Après avoir cité quelques exemples (à ne pas suivre !) d’entreprises ou compagnies américaines ayant fait faillite suite à des malversations ou des placements douteux dans la finance (encore elle !), et indiqué que pour certains de leurs dirigeants (pas assez selon la CGT…), des peines de 24 ans de prison avaient été requises, la CGT a aussi rappelé la gestion catastrophique de Michel BON, lui-même condamné (mais si peu !) à 10 000 Euros d’amende…

Pour mémoire, il prônait la financiarisation à outrance et, comme les décideurs en place aujourd’hui, il clamait que le marché restait le meilleur moyen de servir ses clients, espérant même que cette réalité toucherait bientôt les services non marchands, comme l’éducation et la santé !(Capital, décembre 1999). Au bout du compte, une quasi-faillite de l’entreprise a été évitée par l’intervention publique.

Résultat de l’opération : près de 70 milliards d’euros payés par les contribuables, des salariés de FT subissant des conditions de vie et de travail de plus en plus insupportables tant par les restructurations menées au pas de charge que par les milliers de suppressions d’emplois, amenant certains à des solutions extrêmes. Fort de ces exemples édifiants, la CGT appelle les salariés à engager un débat sur les fondements de la crise, et à se rappeler en permanence que c’est le travail des salariés qui fait la richesse !

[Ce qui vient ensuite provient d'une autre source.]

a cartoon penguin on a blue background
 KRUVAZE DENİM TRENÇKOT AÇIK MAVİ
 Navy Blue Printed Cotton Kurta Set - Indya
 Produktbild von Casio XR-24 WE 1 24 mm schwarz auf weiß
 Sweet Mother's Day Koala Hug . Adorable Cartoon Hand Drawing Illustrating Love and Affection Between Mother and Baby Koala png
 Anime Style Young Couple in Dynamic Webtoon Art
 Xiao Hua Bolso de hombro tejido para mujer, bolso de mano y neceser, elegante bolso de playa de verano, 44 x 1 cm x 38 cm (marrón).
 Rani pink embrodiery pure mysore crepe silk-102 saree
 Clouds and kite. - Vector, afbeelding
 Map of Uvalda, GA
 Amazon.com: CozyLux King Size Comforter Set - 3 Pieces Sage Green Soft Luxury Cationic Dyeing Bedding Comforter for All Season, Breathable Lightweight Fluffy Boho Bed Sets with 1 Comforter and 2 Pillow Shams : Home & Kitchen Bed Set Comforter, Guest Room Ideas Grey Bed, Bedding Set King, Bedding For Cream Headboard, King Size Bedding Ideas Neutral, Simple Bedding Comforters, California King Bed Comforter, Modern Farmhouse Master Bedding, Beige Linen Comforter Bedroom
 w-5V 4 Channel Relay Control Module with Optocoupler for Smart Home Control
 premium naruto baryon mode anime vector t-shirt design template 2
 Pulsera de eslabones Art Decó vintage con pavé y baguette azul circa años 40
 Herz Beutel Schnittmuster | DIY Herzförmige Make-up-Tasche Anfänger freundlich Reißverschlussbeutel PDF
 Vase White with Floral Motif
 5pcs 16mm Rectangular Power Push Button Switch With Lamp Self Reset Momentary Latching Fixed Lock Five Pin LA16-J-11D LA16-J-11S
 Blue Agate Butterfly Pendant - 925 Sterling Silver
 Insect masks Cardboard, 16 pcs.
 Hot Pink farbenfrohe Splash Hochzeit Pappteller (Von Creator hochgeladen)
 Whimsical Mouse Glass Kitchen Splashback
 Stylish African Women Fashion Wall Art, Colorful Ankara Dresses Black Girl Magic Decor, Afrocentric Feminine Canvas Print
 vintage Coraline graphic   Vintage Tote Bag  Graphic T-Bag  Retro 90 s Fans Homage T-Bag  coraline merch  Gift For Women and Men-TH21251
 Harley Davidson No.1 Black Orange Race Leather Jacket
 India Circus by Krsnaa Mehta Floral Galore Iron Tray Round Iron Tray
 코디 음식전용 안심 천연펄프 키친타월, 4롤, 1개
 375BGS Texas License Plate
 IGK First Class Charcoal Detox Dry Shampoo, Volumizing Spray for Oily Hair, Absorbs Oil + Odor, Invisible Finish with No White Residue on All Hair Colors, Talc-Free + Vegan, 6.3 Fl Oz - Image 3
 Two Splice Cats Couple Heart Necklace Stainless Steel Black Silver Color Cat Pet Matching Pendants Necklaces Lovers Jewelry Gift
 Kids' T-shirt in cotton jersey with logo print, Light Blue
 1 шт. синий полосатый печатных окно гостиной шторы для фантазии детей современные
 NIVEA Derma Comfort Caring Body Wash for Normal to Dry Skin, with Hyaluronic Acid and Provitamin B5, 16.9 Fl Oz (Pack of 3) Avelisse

Pour la CGT, les causes de la crise sont bel et bien à chercher du côté de la spéculation hasardeuse, pour ne pas dire mafieuse sur les marchés financiers.

Pour la CGT, l’issue à la crise au sens large passe par un retour à l’investissement dans l’homme.

La CGT a des propositions :

Elle réclame par exemple un droit de veto suspensif des Comités d’Entreprise sur les licenciements collectifs, une révision générale des mécanismes d’aides au entreprise. La CGT revendique la fin de l’austérité salariale et l’augmentation des salaires et des retraites, ainsi que l’investissement dans l’appareil de production et dans l’emploi qualifié, stable et bien rémunéré.

Notre secteur d’activité n’est pas en dehors de ces réalités, et la CGT a dénoncé l’utilisation de la situation de crise contre les salariés. L’accroissement des bénéfices de l’entreprise, celui des dividendes aux actionnaires, est en totale contradiction avec l’absence de revalorisation des salaires, et le désinvestissement dogmatique dans l’emploi stable et qualifié.

En ce qui concerne la DT Centre-Est, la CGT a démontré que cette absence d’investissement à la fois dans les infrastructures et à la fois dans les hommes se faisait d’ailleurs aujourd’hui bien remarquer puisque l’entreprise ne savait plus faire face aux moindres aléas climatique, pourtant habituel dans notre région !

Car à défaut de modifier la météo, il est encore temps d’inverser la tendance et de mettre l’homme au centre des préoccupations, seule garantie pour l’avenir !

C’est pourquoi, la CGT avec les autres organisations syndicales (CFDT, CFE-CGC, CFTC, FO, FSU, SOLIDAIRES, UNSA) appellent les salariés du privé et du public, les chômeurs et les retraités, à une journée nationale de mobilisation interprofessionnelle le 29 janvier 2009, qui doit être le point de départ de mobilisations durables et déterminées.